🚀 Day 4 of my 30 Days of Learning Challenge
Next day iin training was all about exploring the backend — and I did that through NestJS, a progressive Node.js framework built with TypeScript.
At first, I was overwhelmed. Coming from traditional JavaScript and small backend scripts, the modular architecture of NestJS felt complex. But once I got hands-on, everything started to click.
I learned how NestJS uses:
- Controllers to handle incoming requests
- Services to contain business logic
- Modules to organize features into scalable units
The decorator-based syntax (@Controller, @Injectable, @get) was strange at first, but it gave my code clear structure and intention. By the end of the session, I had created a simple /users route that returned mock data via a service — and it worked beautifully.
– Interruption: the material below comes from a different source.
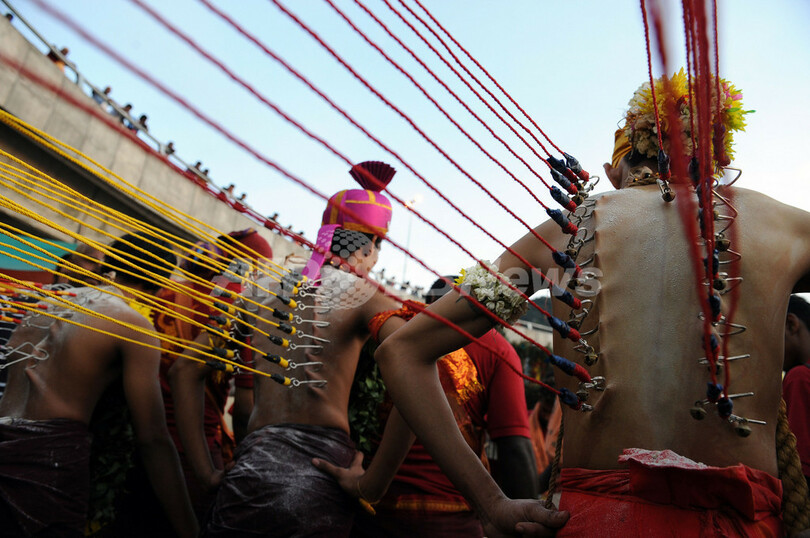 ヒンズー教の大祭タイプーサム、鉄串刺して苦行の行進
What I appreciated most was how opinionated NestJS is. It guides you toward building things "the right way" — enforcing clean separation of concerns, dependency injection, and testability. These are the things that make real-world software maintainable, especially on larger teams.
This was also my first time understanding the MVC pattern not as a theory but as a practical architecture. It made me think beyond "making things work" and more about building systems that are scalable and maintainable.
💬 Question for Readers:
If you’ve used NestJS or another backend framework, what was the “aha!” moment that made it finally click for you?